##### Excerpted data #####
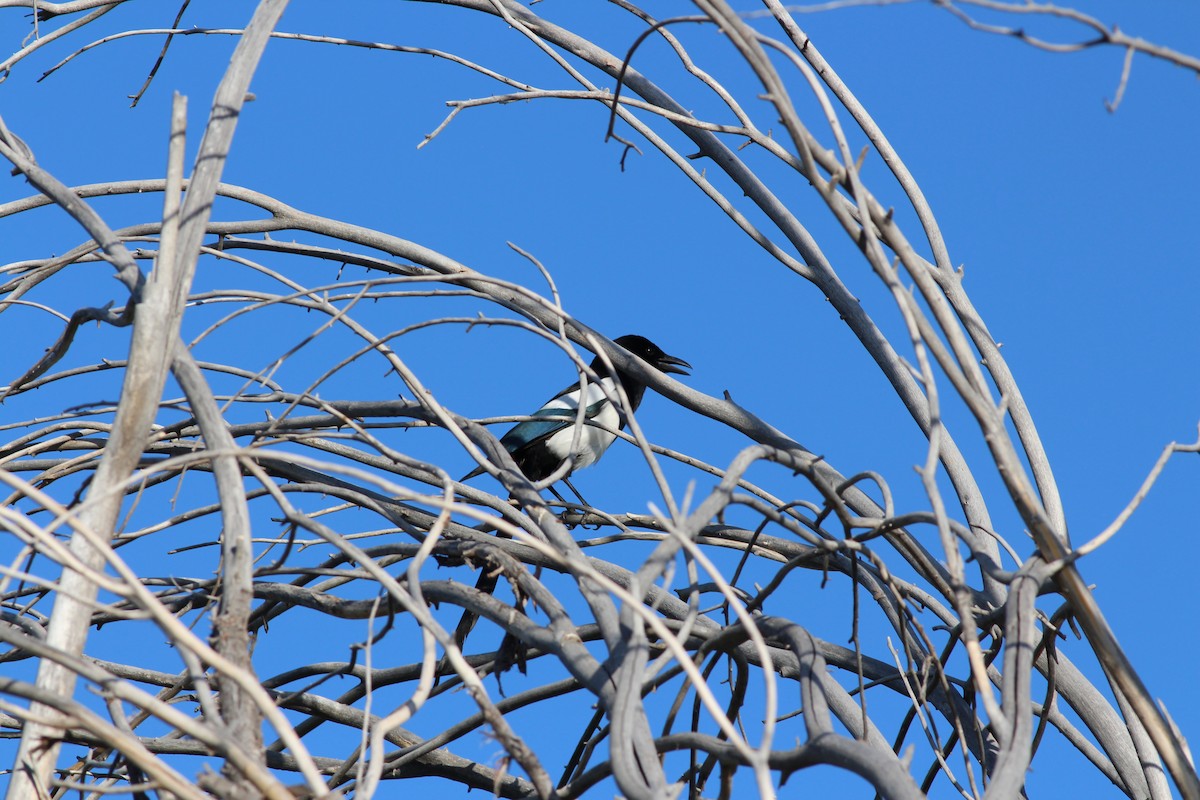 Black-billed Magpie - ML339513831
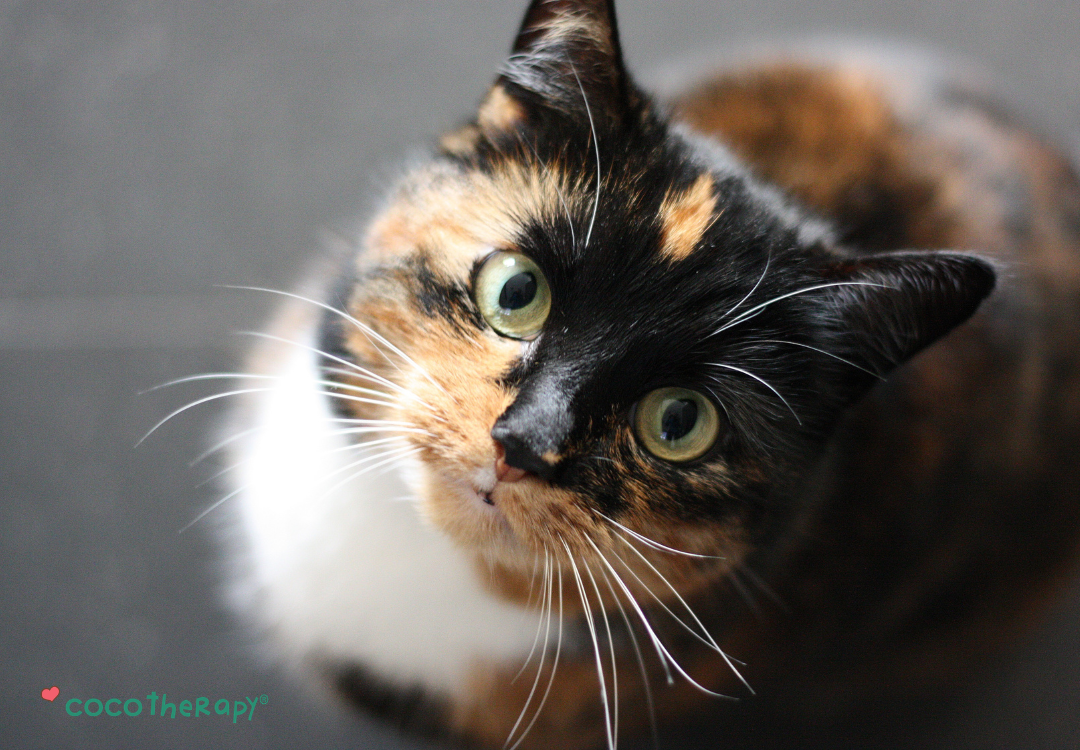 7 Common Cat Health Issues That Are Easy to Miss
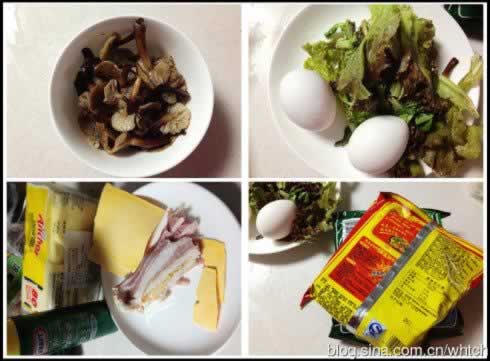 Ӫ�������������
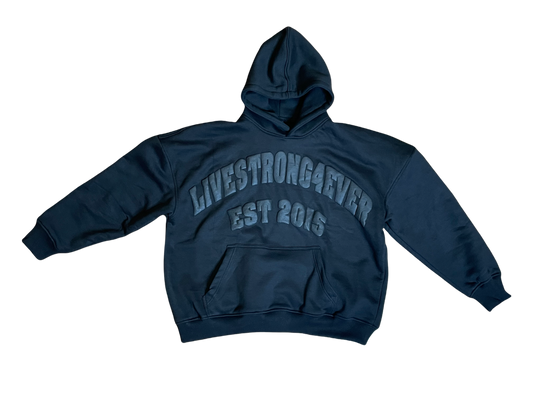 Established LS4E Hoodie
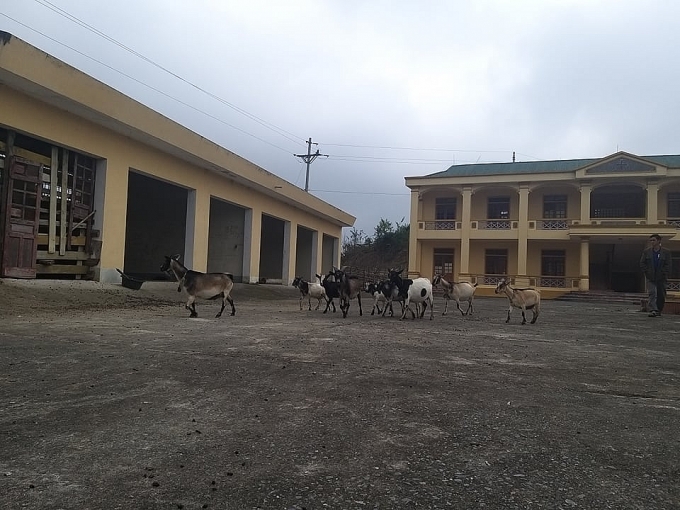 Phòng khám 11 tỷ đồng ở huyện biên giới nghèo nhất xứ Nghệ chỉ để chăn thả dê phong kham 11 ty dong o huyen bien gioi ngheo nhat xu nghe chi de chan tha de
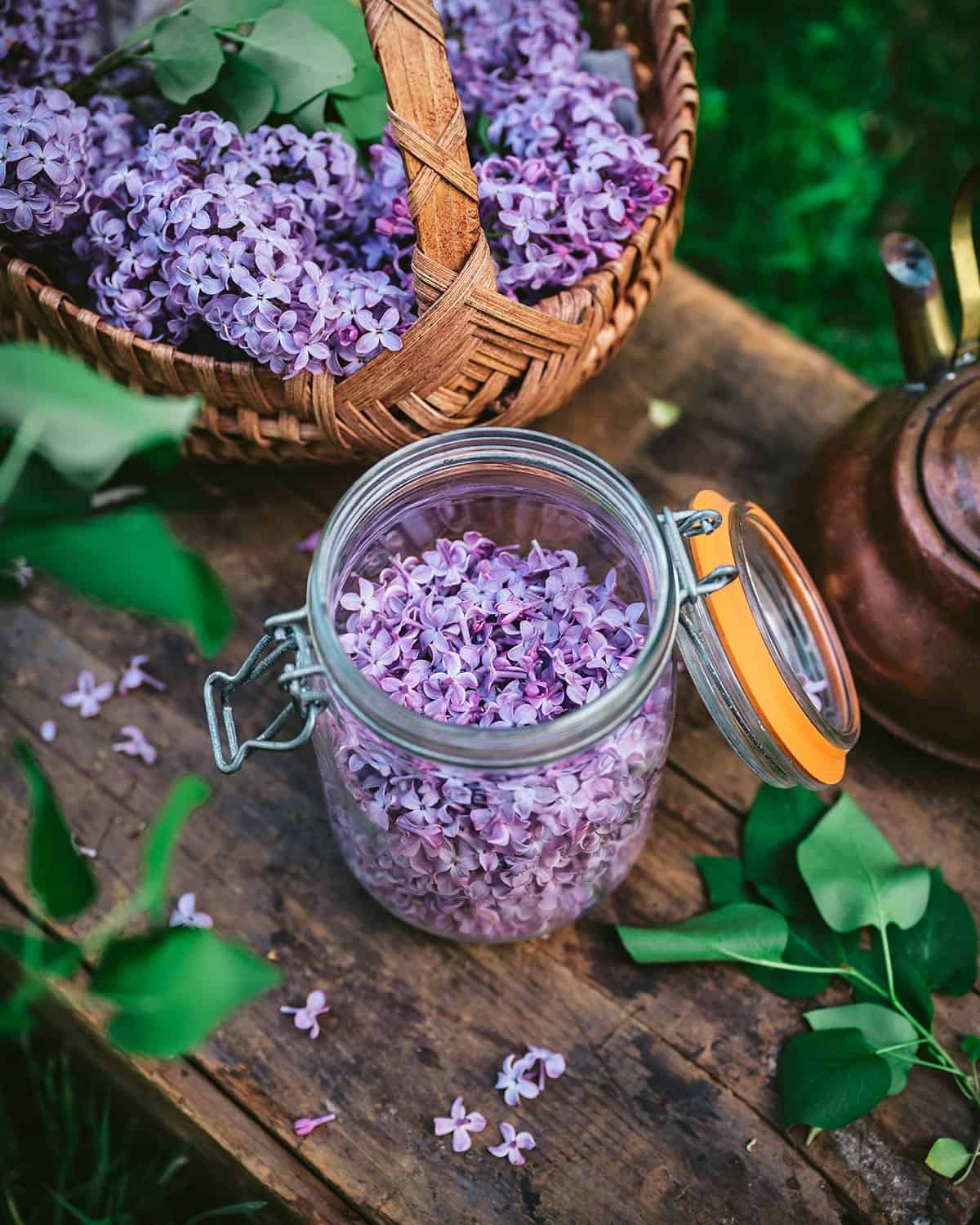 An open jar filled with lilac flowers that have been plucked from their stem.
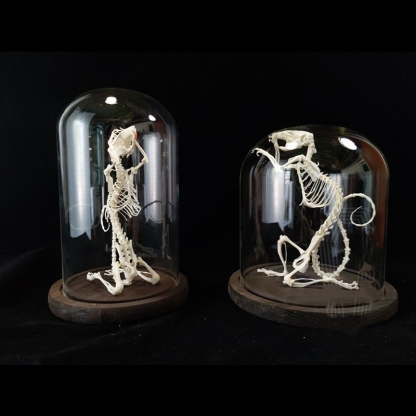 2016 Taxidermy Penitent Rat Skeletal Art Mysterious Cabinet Curio Gothic Contemplation Display Bone Arrangement Spiritual Symbolism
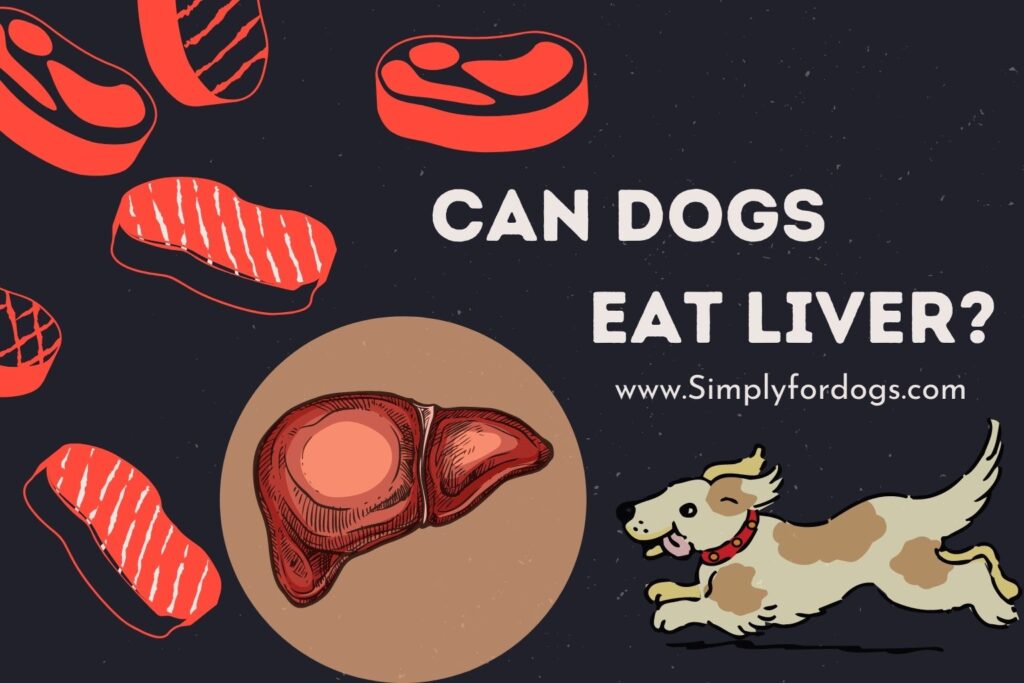 Can Dogs Eat Liver? - Simply For Dogs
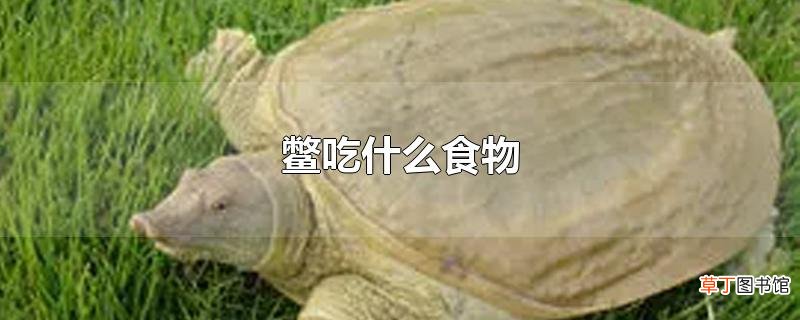 鳖吃什么食物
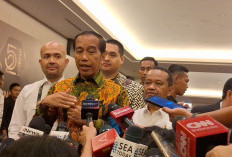 Sarankan Jokowi Bentuk Partai Baru 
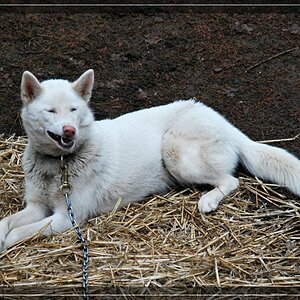 comp wolfWeiser Husky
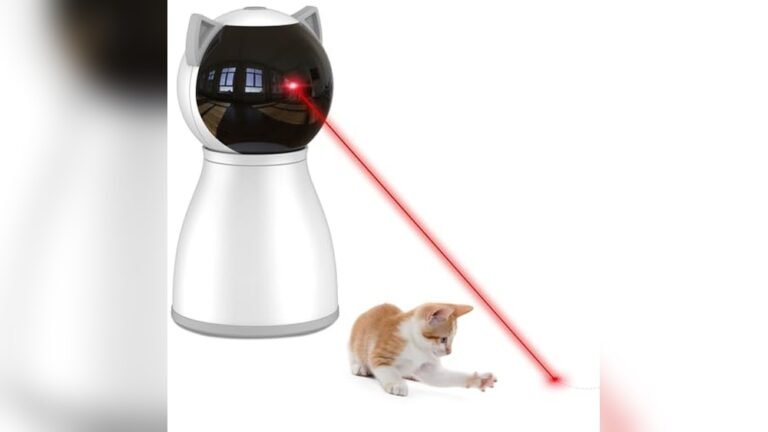 Automatic Laser Cat Toy With Timer: Best Buy Guide 2026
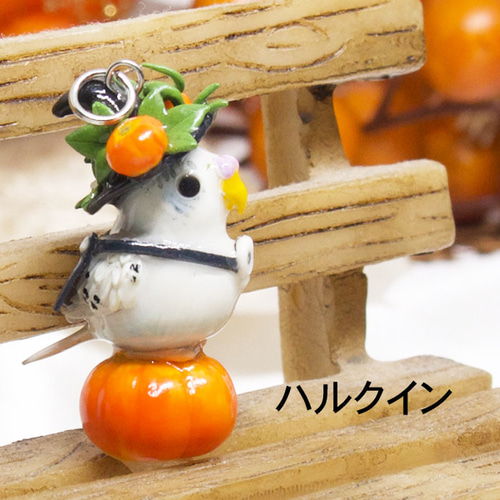 セミオーダー】ハロウィン・セキセイインコちゃんのチャーム・イヤー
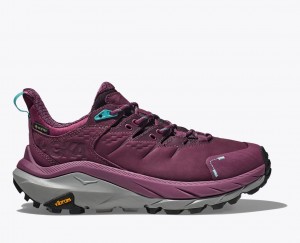 Women's HOKA Kaha 2 Low GTX Hiking Shoes Dark Red | 948-MEJWAZ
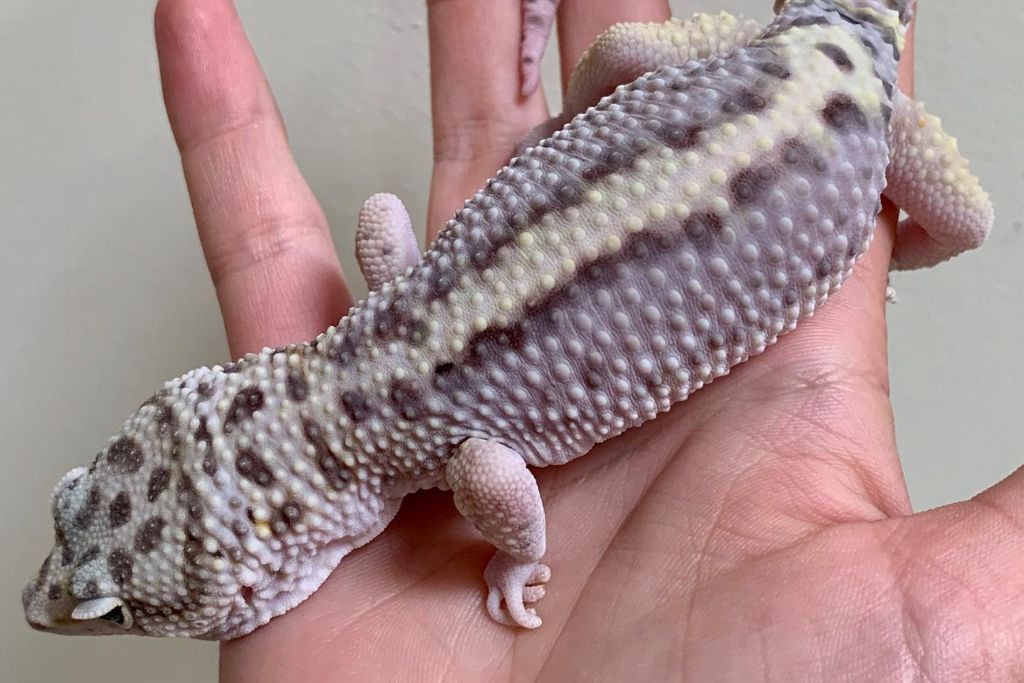 Lavender Stripe leopard gecko on the palm of a hand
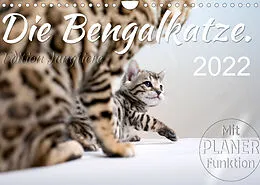 Kalender Die Bengalkatze. Edition Jungtiere (Wandkalender 2022 DIN A4 quer) von Sylvio Banker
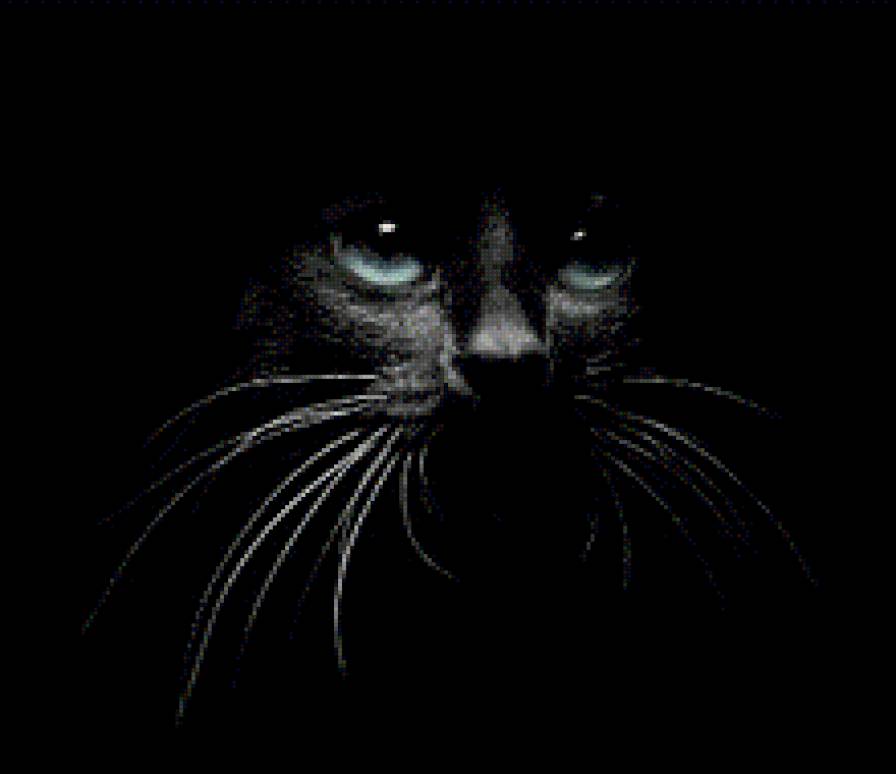 Кошка - кошка - предпросмотр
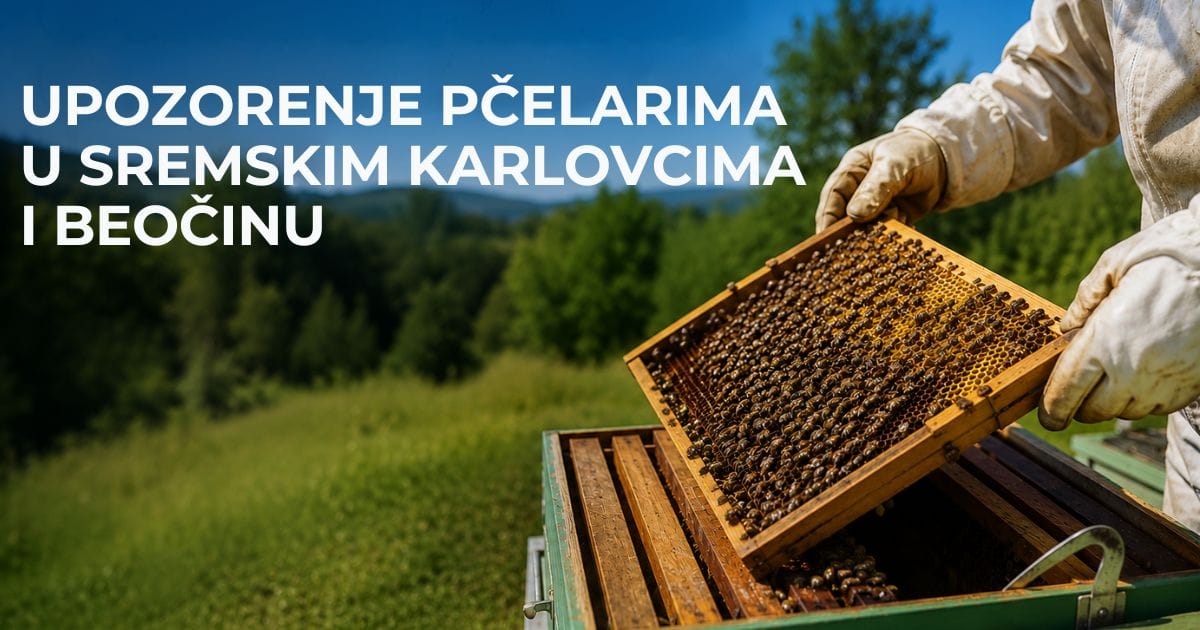AI ilustracija pčelara pored košnice – upozorenje pčelarima u Beočinu i Sremskim Karlovcima zbog tretmana protiv komaraca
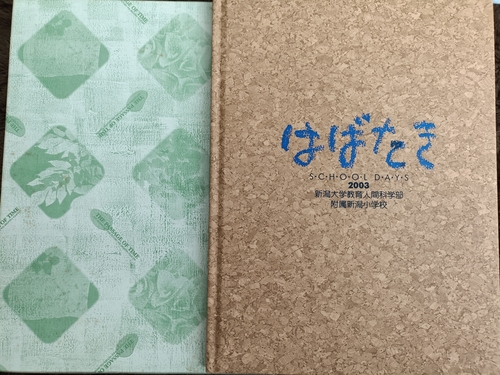 �V���� 2003�N�@�V����w����w�������V�����w�Z���ƃA���o��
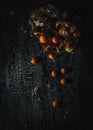 Christmas candle and christmas tree pumkin oranges on black background isolated Royalty Free Stock Photo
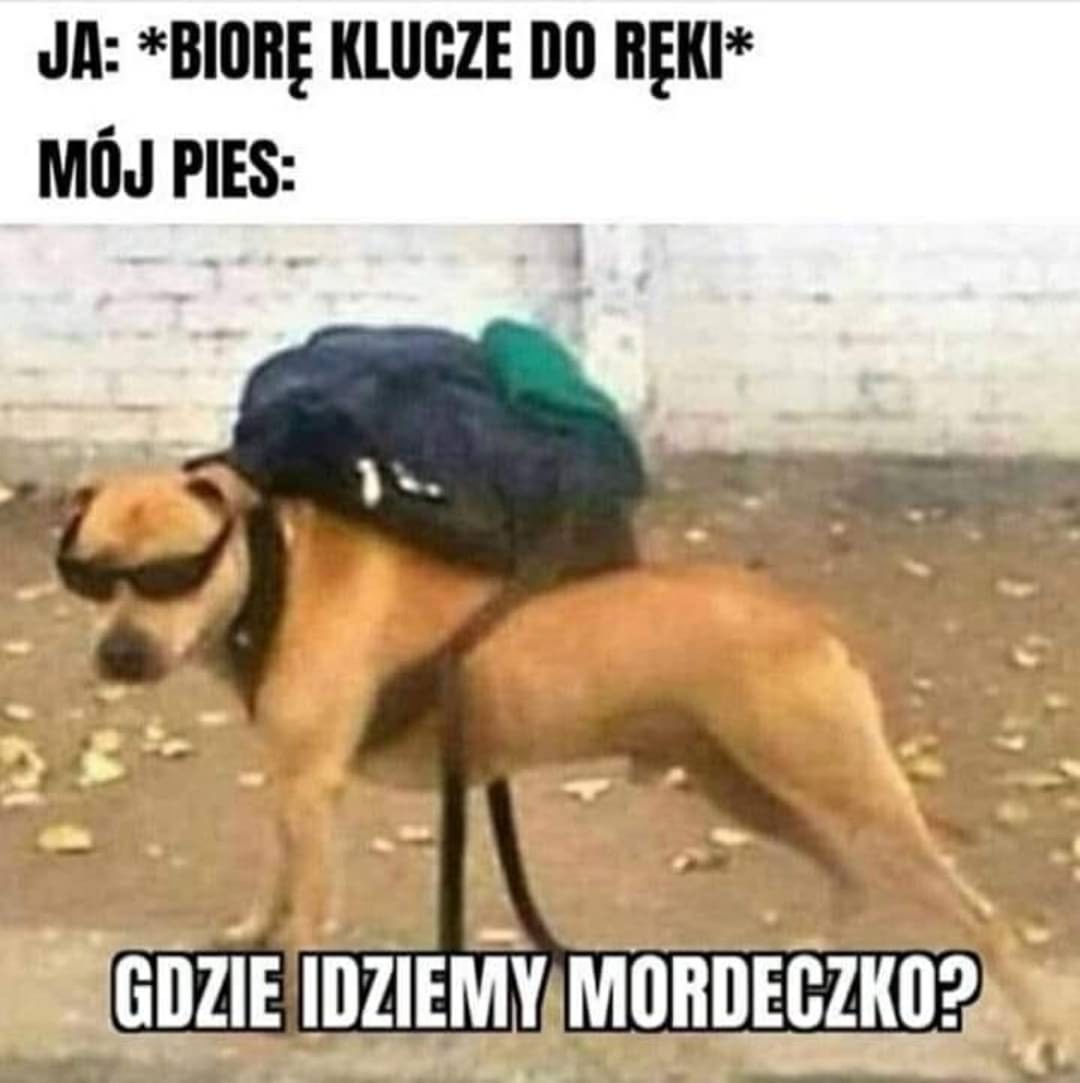 2a15f6ca-8669-4878-8273-58eb06839fe2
#####
● Required action
Exactly as written, set down the lines from the line holding "AI ilustracija pčelara" to the last line of the data, both ends included, pictures excluded.

● Solution to this task
AI ilustracija pčelara pored košnice – upozorenje pčelarima u Beočinu i Sremskim Karlovcima zbog tretmana protiv komaraca
 �V���� 2003�N�@�V����w����w�������V�����w�Z���ƃA���o��
 Christmas candle and christmas tree pumkin oranges on black background isolated Royalty Free Stock Photo
 2a15f6ca-8669-4878-8273-58eb06839fe2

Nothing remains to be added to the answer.